Monday, April 17, 2006

Zen/Ch'an FAQ - reading list

A reading list for Zen beginners:
"The following short list of books is meant to help the beginner gain, not only a philosophical understanding of Zen, but also, at least, an intellectual understanding of Law of Buddha."

Zen marketing; XPC Zen computer

I love the pictures, the woman looks like she's meditating and the computer is floating, perhaps due to her deep samadhi?:

"The XPC Zen is an ideal:
Digital hub (music, photos and video);
Desktop replacement;
Home media center;
Home office platform."

Friday, April 14, 2006

more Zen marketing: Zen Shower Curtain

"Zen - Sheer curtain, poly linen/cotton blend."

How . . . Zen.

Upaya Zen Center: Zen Poems

Some Zen poems.
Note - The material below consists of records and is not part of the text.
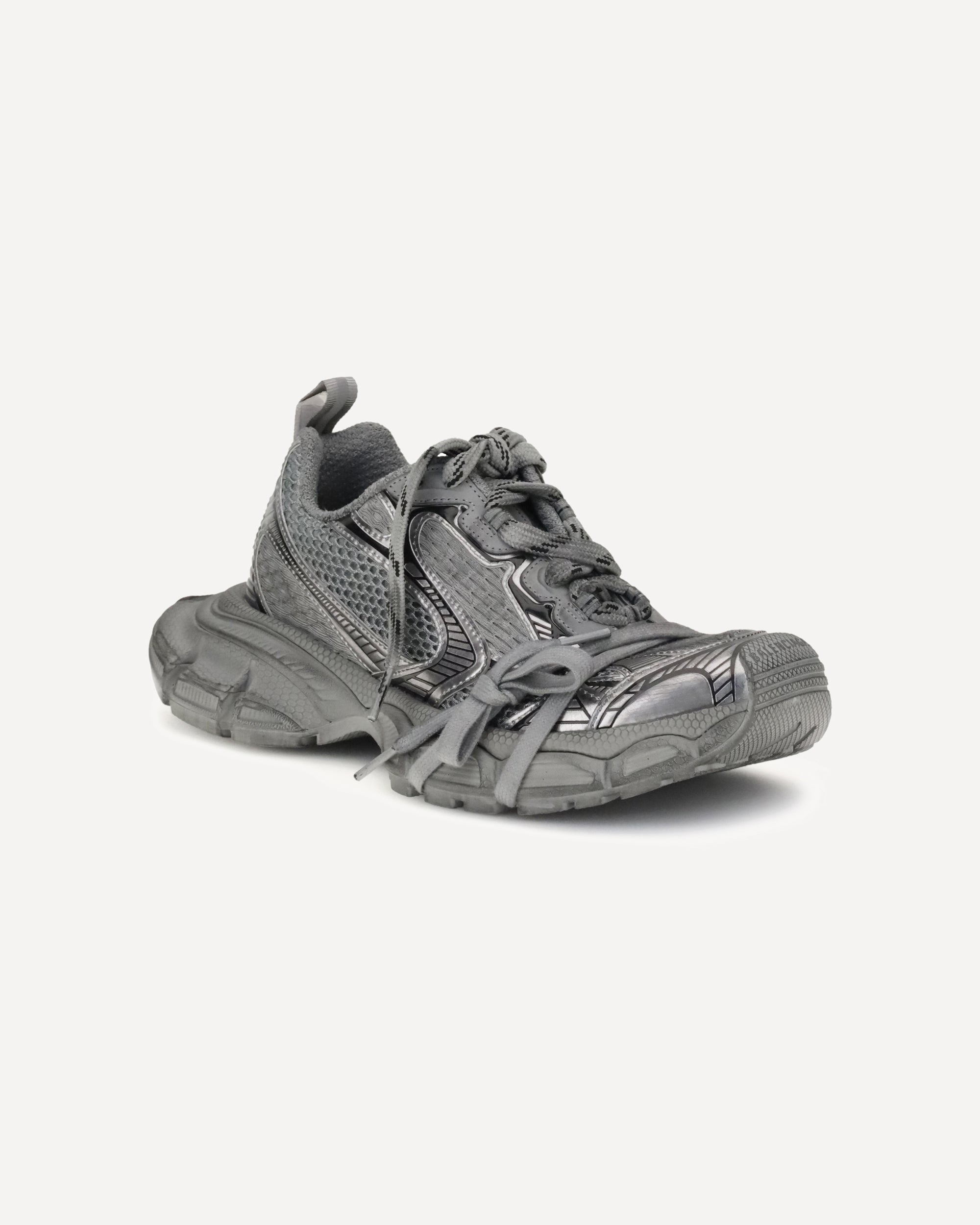 BALENCIAGA 3XL Sneakers GREY | Base Blu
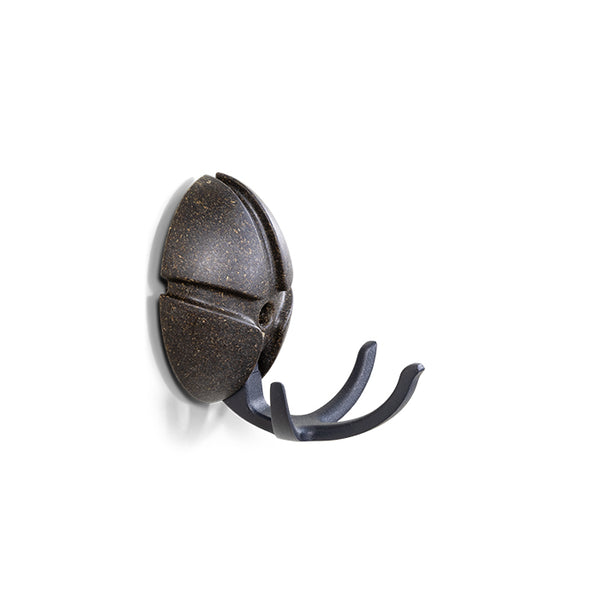 Wandhaak Tick Bio donkerbruin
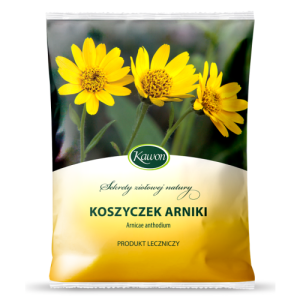 Arnika koszyczek 25 g Kawon.Środek Leczniczy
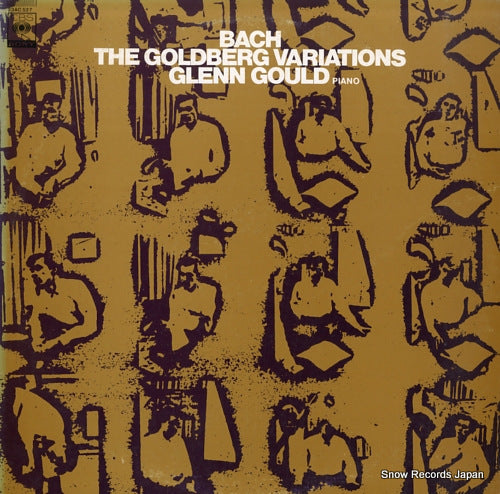 GOULD, GLENN bach; the goldberg variations 23AC527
Here's one:

"We accept the graceful falling
Of mountain cherry blossoms,
But it is much harder for us
To fall away from our own
Attachment to the world.
Mountain Falling Flowers

by Rengetsu, a Buddhist nun"

Wednesday, April 12, 2006

Dharma Sound Zen Center FAQ

I found this answer to the question, "How can I involve my children in my Zen practice?" interesting:

"If, when we are with our children, we are fully engaged in listening and responding to them, then we completely embody Zen practice and become the example from which our children learn. Even a child who expresses no interest in or disapproval of Zen will inevitably learn from our effort to be present in each moment and our desire to help."

Tuesday, April 11, 2006

Mindfulness: The practice of being “here” | 43 Folders

Merlin Mann has several mindfulness related quotes on his 43folders site; here's one:

"From the Buddhist perspective, our ordinary waking state of consciousness is seen as being severely limited and limiting, resembling in many respects an extended dream rather than wakefulness. Meditation helps us wake up from this sleep of automaticity and unconsciousness, thereby making it possible for us to live our lives with access to the full spectrum of our conscious and unconscious possibilities."

Monday, April 10, 2006

Huang-po quotes

"This pure mind, which is the source of all things, shines forever with the radiance of its own perfection. But most people are not aware of it, and think that mind is just the faculty that sees, hears, feels, and knows. Blinded by their own sight, hearing, feeling, and knowing, they don't perceive the radiance of the source. If they could eliminate all conceptual thinking, this source would appear, like the sun rising through the empty sky and illuminating the whole universe. Therefore, you students of the Tao who seek to understand through seeing, hearing, feeling, and knowing, when your perceptions are cut off, your way to mind will be cut off and you will find nowhere to enter. Just realize that although mind is manifested in these perceptions, it is neither part of them nor separate from them. You shouldn't try to analyze these perceptions, or think about them at all; but you shouldn't seek the one mind apart from them. Don't hold on to them or leave them behind or dwell in them or reject them. Above, below, and all around you, all things spontaneously exist, because there is nowhere outside the Buddha mind."

Thursday, April 06, 2006

Excerpt from 33 Fingers: A Collection of Modern American Koans

The link pretty much says it all.

Wednesday, April 05, 2006

Zen Poetry

There are some nice ones here:

"Crossing long fields,
frozen in its saddle,
my shadow creeps by"

Tuesday, April 04, 2006

Sesshin Lecture by Ed Brown

Good point:

"When we start practicing meditation, we say, 'What am I supposed to do? What should I do? How do I do it right?' The answer is to stop asking those questions. Do you understand? The point is to find out what is actually happening, exactly here. When you look closely, you will find that the 'supposed to' or 'should' is not found in what is actually happening, but is something we add."